The thing about becoming a billionaire is that first you’re elated; then you’re freaked out; and then you start feeling guilty. But here is where my Zen training helped me. I sat down and meditated and forced myself to not think about my wealth. I was sitting there moaning my syllable, and then I opened my eyes and came out of my trance and I said, out loud, in this really booming voice, to this imaginary critic guy that I imagined was standing there criticizing me for having so much money, I shouted right at him, as loud as I could: “Frig you, ass-munch, because I’m
smarter
than you, I’m
better
than you, I’m
changing the world,
and I
deserve
this.”

It was this amazing moment of total humility and self-negation. Two days later I woke up and invented the concept for the iPod. True story.

The way I see it, I can’t really take credit for being so rich. But it’s also not my fault, either. It just is what it is. It’s beyond my control. Here’s another way to look at it. The other day I was listening to a piece of music. It was a symphony by Mozart, written when he was nine years old. I thought to myself, How the hell does this happen? How does someone like Mozart come to exist? Fair enough, a musical genius spins up out of the gene pool. That probably happens pretty regularly. But in this case the genius happens to land in Salzburg, Austria, in the eighteenth century—the most fertile musical environment that has ever existed. And his father is a music teacher. Boom. Lightning strikes.
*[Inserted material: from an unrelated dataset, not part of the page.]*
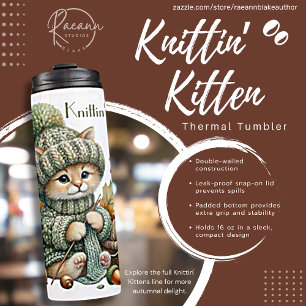 Schattige Knittin' Kittens Thermische Tumbler Thermosbeker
Same for me. I was born in San Francisco, in 1955, to a pair of graduate students who put me up for adoption. I landed with a modest couple in a sleepy town called Mountain View, California—which, as luck would have it, was situated right in the heart of what was about to become Silicon Valley. Maybe this was totally random, just natural selection at work. But I wonder if there isn’t also some kind of invisible hand of fate moving in our lives. Because imagine that I’d been born in a different century, or in a different place. Imagine I’d been born in some remote village in China. Or imagine that my birth parents didn’t put me up for adoption. Imagine my mother kept me, and I grew up in Berkeley with a pair of doofball intellectual parents, and instead of taking a summer job at Hewlett-Packard and meeting Steve Wozniak, I spent my teenage years hanging out in coffee shops reading Sartre and Camus and writing lame-ass poetry.

The point is, my adoption was necessary. It needed to happen. It’s like Moses being left in the bullrushes. If that doesn’t happen—if Moses stays home with his Jewish mother, and doesn’t grow up with Pharaoh’s family—well, the Jews don’t get out of Egypt, so there’s no Ten Commandments, and no Passover, which means no Easter. All of history is changed. Same with me. Without the fluke of my adoption, there’s no Apple Computer, no Macintosh, no iMac, no iPod, no iTunes.

I realize how I sound. I sound like a dick. Self-centered. Obnoxious. I’m told all the time that I seem like a narcissistic egomaniac. You know what I say? I say, “Look, wouldn’t you be an egomaniac if you woke up one day and found out you were me? You know you would.”

Of course the bad part of being such a mega-rich mega-famous mega-creative genius is that there are always some jerks looking to take a shot at you.

In my case those jerks include the United States government, and despite everything I’ve done for the world—or maybe because of it—they are determined to put me out of business.